# Problem to solve
The records, repeated exactly and in full, are the expected answer.

# Data supplied
· · · ·
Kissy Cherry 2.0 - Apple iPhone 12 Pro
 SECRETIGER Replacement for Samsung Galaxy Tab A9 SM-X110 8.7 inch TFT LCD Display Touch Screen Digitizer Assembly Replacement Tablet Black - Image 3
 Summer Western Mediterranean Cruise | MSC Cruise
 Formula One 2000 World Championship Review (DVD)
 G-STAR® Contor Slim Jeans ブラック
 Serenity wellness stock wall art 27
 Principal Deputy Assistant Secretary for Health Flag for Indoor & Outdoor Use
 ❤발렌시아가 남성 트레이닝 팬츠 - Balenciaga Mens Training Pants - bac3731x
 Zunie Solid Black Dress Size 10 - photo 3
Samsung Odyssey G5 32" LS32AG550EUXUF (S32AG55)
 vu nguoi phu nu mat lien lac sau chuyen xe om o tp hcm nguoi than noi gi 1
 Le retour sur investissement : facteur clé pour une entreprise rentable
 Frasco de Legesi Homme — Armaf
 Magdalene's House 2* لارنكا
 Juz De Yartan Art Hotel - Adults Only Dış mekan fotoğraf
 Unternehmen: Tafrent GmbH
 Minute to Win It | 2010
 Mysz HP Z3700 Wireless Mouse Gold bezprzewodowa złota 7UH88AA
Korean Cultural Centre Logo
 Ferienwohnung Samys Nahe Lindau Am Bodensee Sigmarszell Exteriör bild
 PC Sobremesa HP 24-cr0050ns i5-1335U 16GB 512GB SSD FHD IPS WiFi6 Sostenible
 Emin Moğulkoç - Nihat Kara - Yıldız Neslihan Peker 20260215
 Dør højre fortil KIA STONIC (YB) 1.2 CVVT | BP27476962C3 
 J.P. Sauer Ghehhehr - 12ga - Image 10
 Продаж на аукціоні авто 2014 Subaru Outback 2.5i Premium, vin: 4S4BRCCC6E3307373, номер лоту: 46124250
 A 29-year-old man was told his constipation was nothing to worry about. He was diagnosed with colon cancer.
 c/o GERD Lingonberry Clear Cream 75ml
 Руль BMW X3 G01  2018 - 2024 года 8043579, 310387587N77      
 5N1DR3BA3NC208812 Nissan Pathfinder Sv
· · · ·
# Solution to this task
Kissy Cherry 2.0 - Apple iPhone 12 Pro
 SECRETIGER Replacement for Samsung Galaxy Tab A9 SM-X110 8.7 inch TFT LCD Display Touch Screen Digitizer Assembly Replacement Tablet Black - Image 3
 Summer Western Mediterranean Cruise | MSC Cruise
 Formula One 2000 World Championship Review (DVD)
 G-STAR® Contor Slim Jeans ブラック
 Serenity wellness stock wall art 27
 Principal Deputy Assistant Secretary for Health Flag for Indoor & Outdoor Use
 ❤발렌시아가 남성 트레이닝 팬츠 - Balenciaga Mens Training Pants - bac3731x
 Zunie Solid Black Dress Size 10 - photo 3
Samsung Odyssey G5 32" LS32AG550EUXUF (S32AG55)
 vu nguoi phu nu mat lien lac sau chuyen xe om o tp hcm nguoi than noi gi 1
 Le retour sur investissement : facteur clé pour une entreprise rentable
 Frasco de Legesi Homme — Armaf
 Magdalene's House 2* لارنكا
 Juz De Yartan Art Hotel - Adults Only Dış mekan fotoğraf
 Unternehmen: Tafrent GmbH
 Minute to Win It | 2010
 Mysz HP Z3700 Wireless Mouse Gold bezprzewodowa złota 7UH88AA
Korean Cultural Centre Logo
 Ferienwohnung Samys Nahe Lindau Am Bodensee Sigmarszell Exteriör bild
 PC Sobremesa HP 24-cr0050ns i5-1335U 16GB 512GB SSD FHD IPS WiFi6 Sostenible
 Emin Moğulkoç - Nihat Kara - Yıldız Neslihan Peker 20260215
 Dør højre fortil KIA STONIC (YB) 1.2 CVVT | BP27476962C3 
 J.P. Sauer Ghehhehr - 12ga - Image 10
 Продаж на аукціоні авто 2014 Subaru Outback 2.5i Premium, vin: 4S4BRCCC6E3307373, номер лоту: 46124250
 A 29-year-old man was told his constipation was nothing to worry about. He was diagnosed with colon cancer.
 c/o GERD Lingonberry Clear Cream 75ml
 Руль BMW X3 G01  2018 - 2024 года 8043579, 310387587N77      
 5N1DR3BA3NC208812 Nissan Pathfinder Sv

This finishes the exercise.